▶ Stored data:
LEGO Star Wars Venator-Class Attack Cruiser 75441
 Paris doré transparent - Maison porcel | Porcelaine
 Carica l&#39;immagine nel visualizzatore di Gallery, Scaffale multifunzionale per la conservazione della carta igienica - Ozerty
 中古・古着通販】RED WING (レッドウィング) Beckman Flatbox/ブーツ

* * *

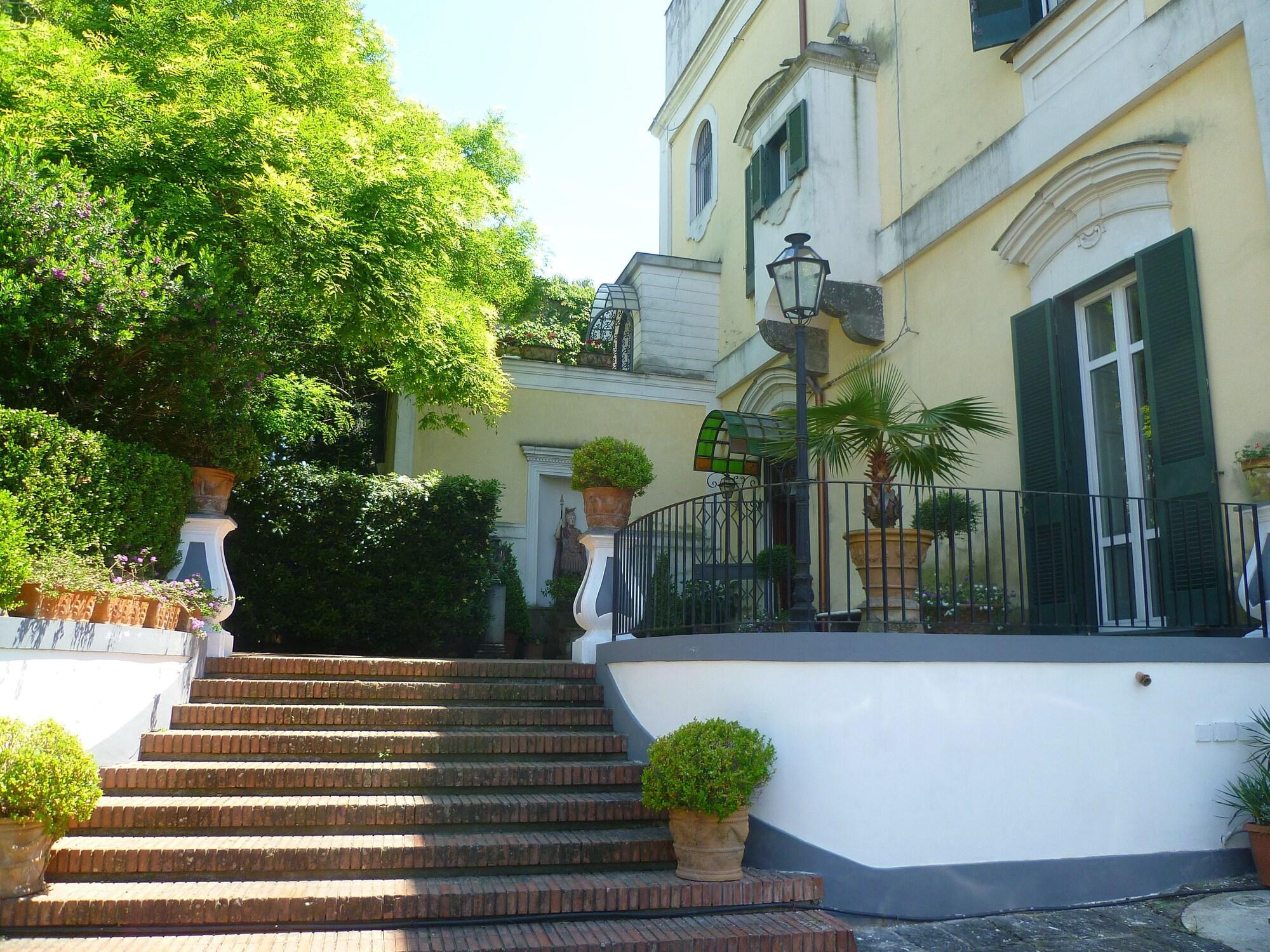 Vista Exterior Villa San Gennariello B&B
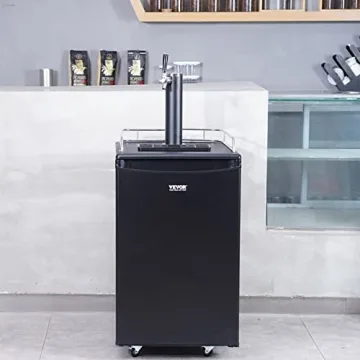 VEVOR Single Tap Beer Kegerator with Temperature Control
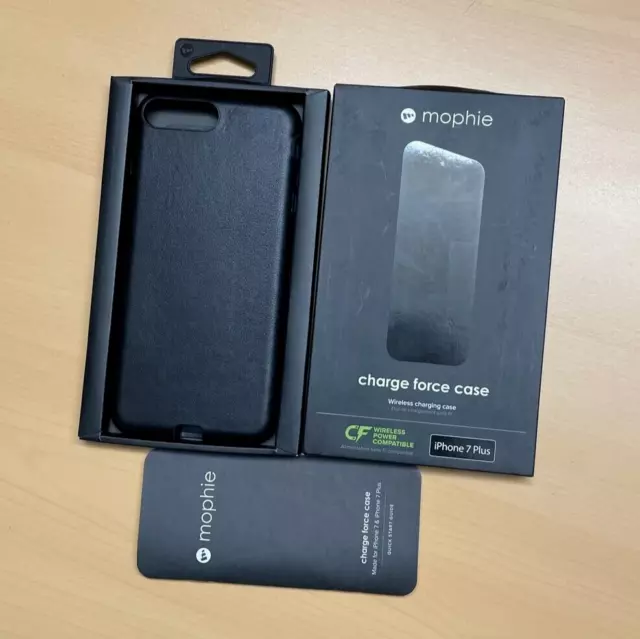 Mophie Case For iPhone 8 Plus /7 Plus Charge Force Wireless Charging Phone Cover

---

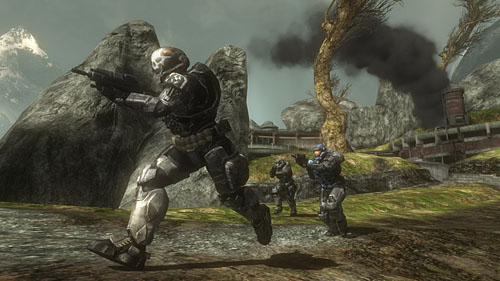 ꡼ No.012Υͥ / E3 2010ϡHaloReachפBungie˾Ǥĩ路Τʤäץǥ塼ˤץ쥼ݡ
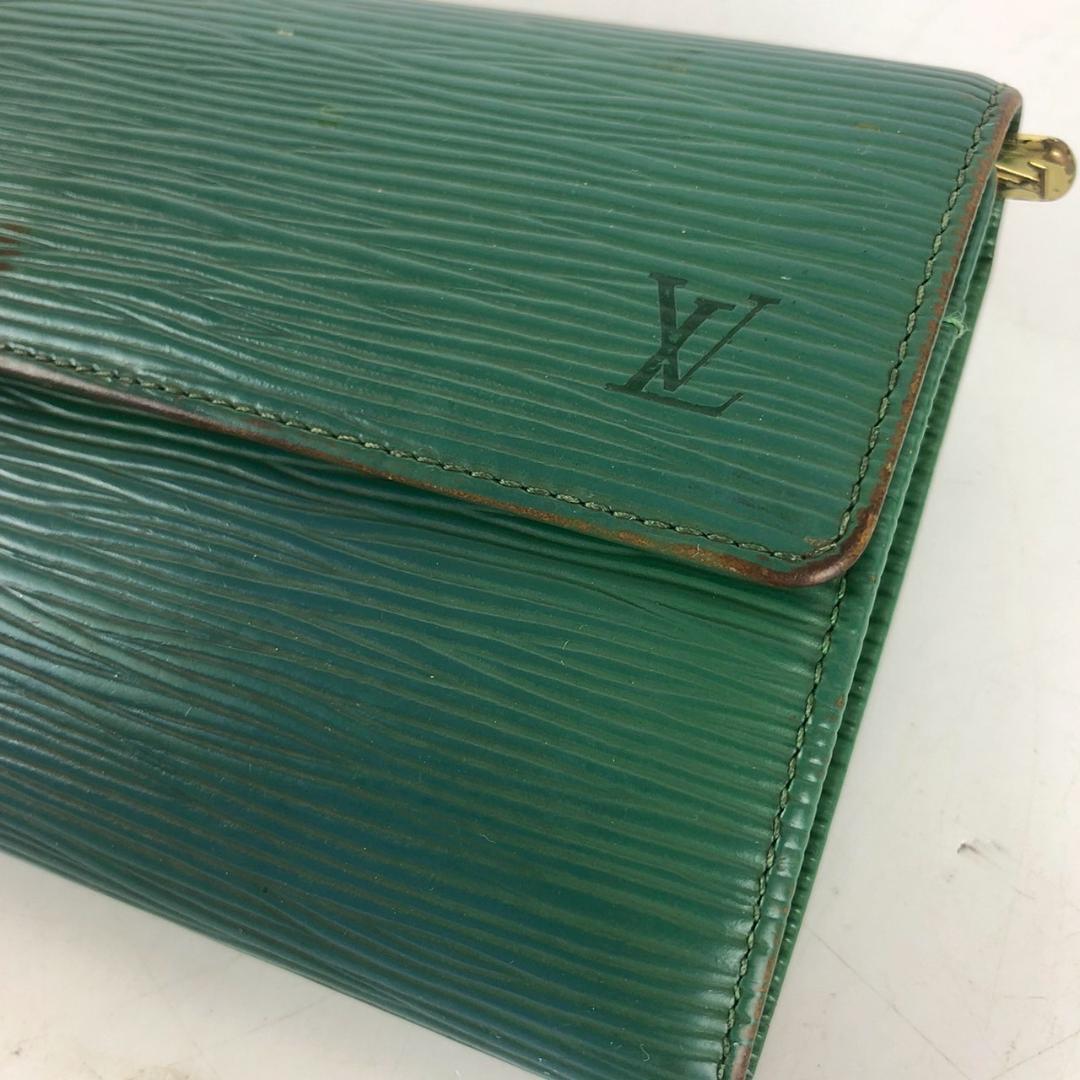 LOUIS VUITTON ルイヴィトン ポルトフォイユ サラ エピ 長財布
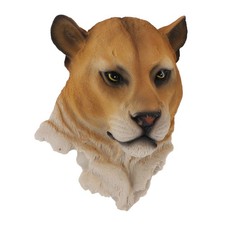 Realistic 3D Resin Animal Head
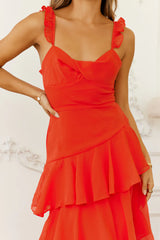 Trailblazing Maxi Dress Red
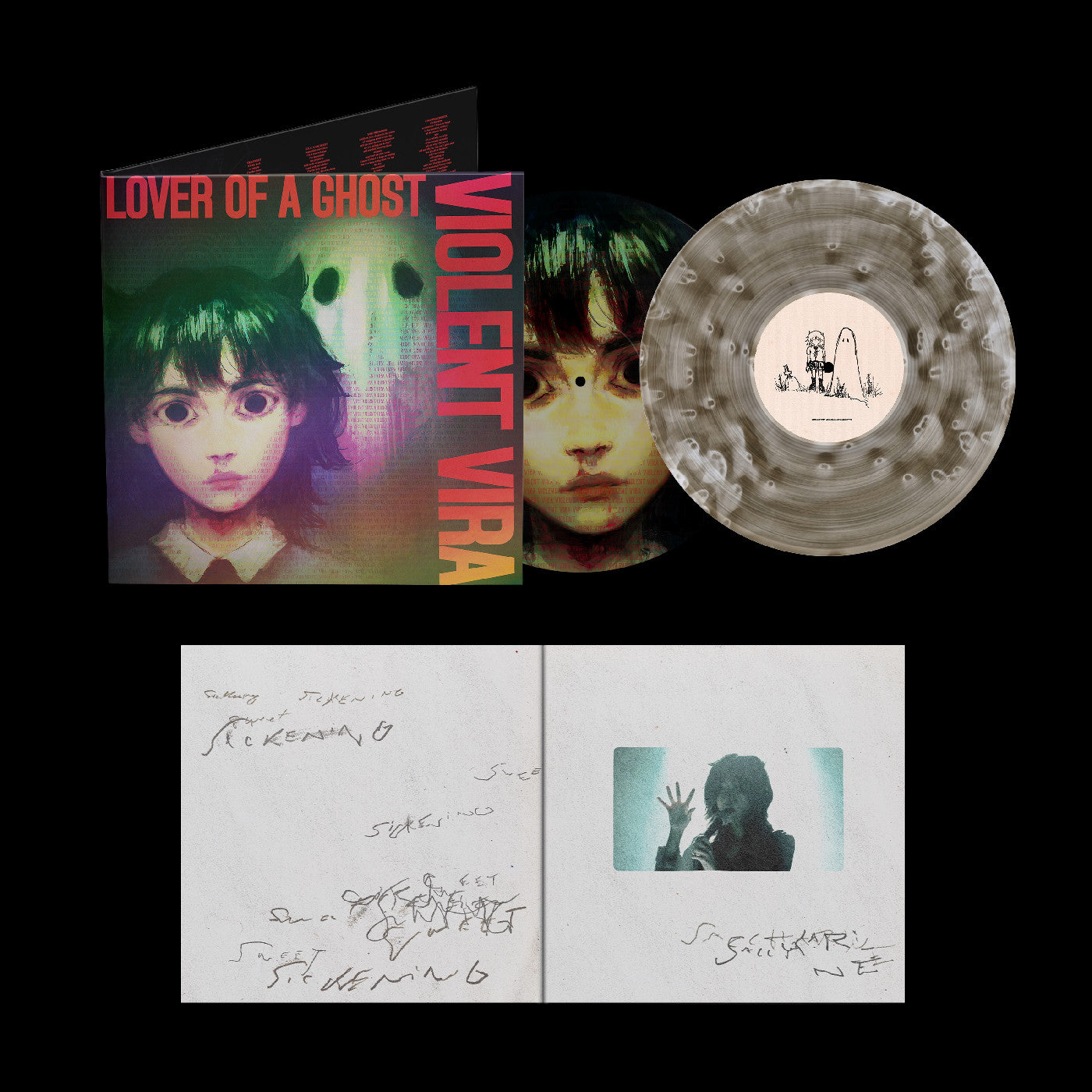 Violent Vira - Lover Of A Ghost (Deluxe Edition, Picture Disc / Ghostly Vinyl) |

▶ Exercise directions: All that is wanted is an exact copy of the lines above from the one with "LEGO Star Wars" through the one with "中古・古着通販】RED WING (レッドウィング)", with both ends included.

▶ Your solution:
LEGO Star Wars Venator-Class Attack Cruiser 75441
 Paris doré transparent - Maison porcel | Porcelaine
 Carica l&#39;immagine nel visualizzatore di Gallery, Scaffale multifunzionale per la conservazione della carta igienica - Ozerty
 中古・古着通販】RED WING (レッドウィング) Beckman Flatbox/ブーツ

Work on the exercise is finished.